In the class on base and superstructure, we saw how objective material changes make certain changes in society possible and, at the same time, how the direction and outcome of those changes isn't automatic. People fight out and determine the resolution of those objective changes. The class struggle is the struggle for the political power to determine the resolution of the material changes. In this sense, it is people who determine the shape and direction history takes.
The concept of the "role of the individual" defines the place of the individual within the objective, material processes going on in the world and identifies his or her active role in the process. The individual whose particular character offers what is required of a given stage or moment of history moves history forward, influences the forms it takes, and offers the context for the masses of people to play their role in the making of history.
Recognition of the role of the individual in history is a statement of responsibility. It calls on each individual to understand the material changes and the laws inherent in them, and it underlines the importance of consciousness in the revolutionary process. It calls on each of us to play our role in determining the direction and outcome of change.
Implications for Today
Appreciating how history is made and the role of the individual is especially important today, when society is in a profound leap from one material basis to another. In such a leap, the old material foundations for social relationships, institutions and peoples thinking are destroyed. But the outcome of this destruction the construction of the new depends on the consciousness and conscious action of people. Today, the development of labor-replacing methods of production is an antagonism to capitalist relations of production.
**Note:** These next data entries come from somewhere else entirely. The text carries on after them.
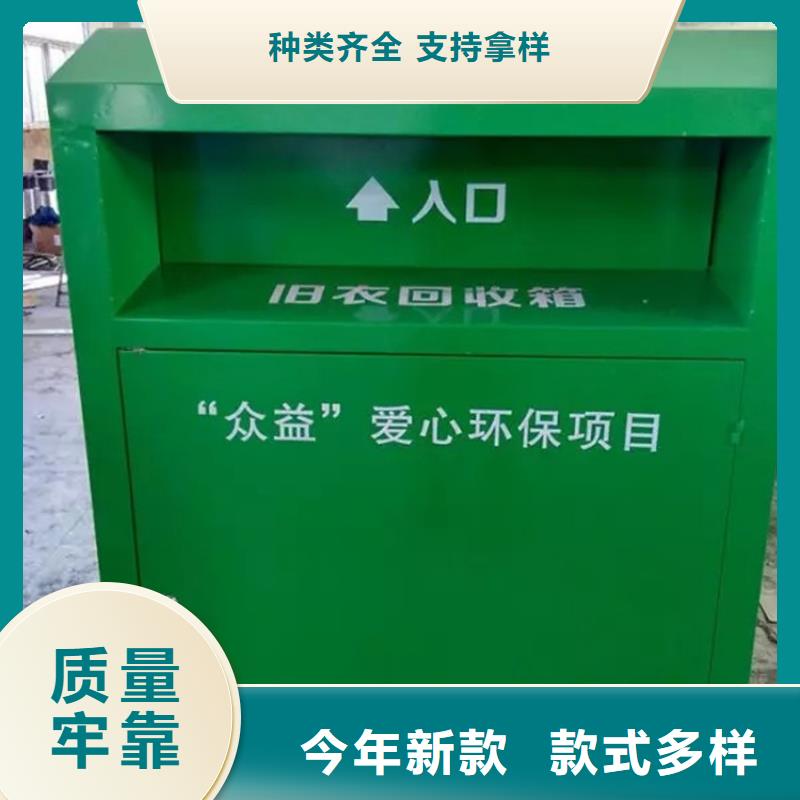 质量检测【友佳】旧衣服回收箱源头厂家
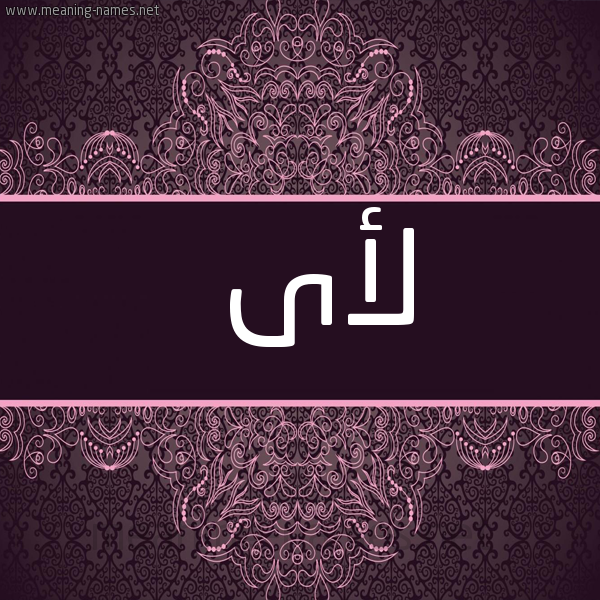 صورة اسم لأى LAA شكل 4 صوره زخرفة عربي للإسم بخط عريض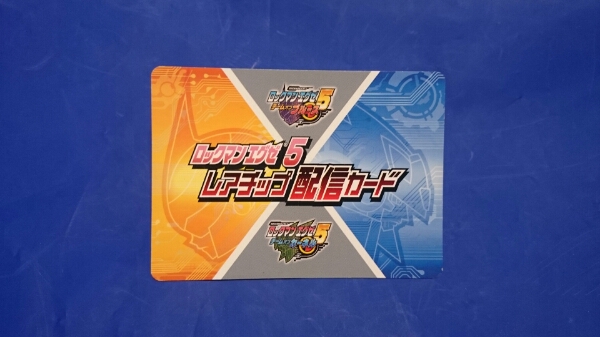 改造カード ロックマンエグゼ5 リーダーズレイド レアチップ配信 動作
It sets the basis for an objective movement whose actual though not necessarily conscious aim is the communist reconstruction of society. Developing the communist ideology of an objectively communist movement is the order of the day. Those revolutionaries with the understanding, inclination and passion to develop that communist ideology on a mass scale play the essential role in moving history forward.
Readings
- Institute for the Study of the Science of Society, "Revolutionaries The Role of the Individual," Institute Resource Paper #5. http://www.scienceofsociety.org/inbox/res5.html
- Frederick Engels to Heinz Starkenburg, January 25, 1894. http://www.marxists.org/archive/marx/works/1894/letters/94_01_25.htm
- George Plekhanov, excerpt from The Materialist Conception of History. http://www.marxists.org/archive/plekhanov/works/1890s/history/part1.htm
- George Plekhanov, "Section III" and "Section VIII," The Role of the Individual in History. http://art-bin.com/art/oplecheng.html (Find Sections III and VIII)
- George Plekhanov, "Man and Necessity in History," Fundamental Problems of Marxism, pp. 66-70. http://www.scienceofsociety.org/philo/texts/plekhanov1.pdf
- Frederick Engels, "Causality" and "Reciprocal Action," Dialectics of Nature, pp. 144-146. http://www.scienceofsociety.org/philo/texts/engels1.pdf
- Frederick Engels to Joseph Bloch, September 21, 1890. http://www.marxists.org/archive/marx/works/1890/letters/90_09_21.htm
Readings strongly suggested at least for reports:
- Michio Kaku, Visions How Science Will Revolutionize the 21st Century, Bantam Books, 1998, Chapter 1.
- Henry Mayer, "Preface," All on Fire William Lloyd Garrison and the Abolition of Slavery, New York: St. Martins Griffen, 1998.
Discussion Questions
1. Discuss Engels' and Hegel's definition of "freedom."
2. What's the difference between "automatic" and "inevitable"?
3. The development of the productive forces is the underlying, general cause of the historical progress of humanity. What is the role of the individual in history? (For this question, have someone do a report on Henry Mayer, "Preface," All on Fire - William Lloyd Garrison and the Abolition of Slavery.)
4. Engels says that "freedom is also a product of historical development." What does that mean, and what kind of "freedom" is possible today? (For this question, have someone do a report on Michio Kaku, Visions How Science Will Revolutionize the 21st Century, Chapter 1.)
5. Plekhanov says that the "history we make is the history of our own social relations." Discuss what that means.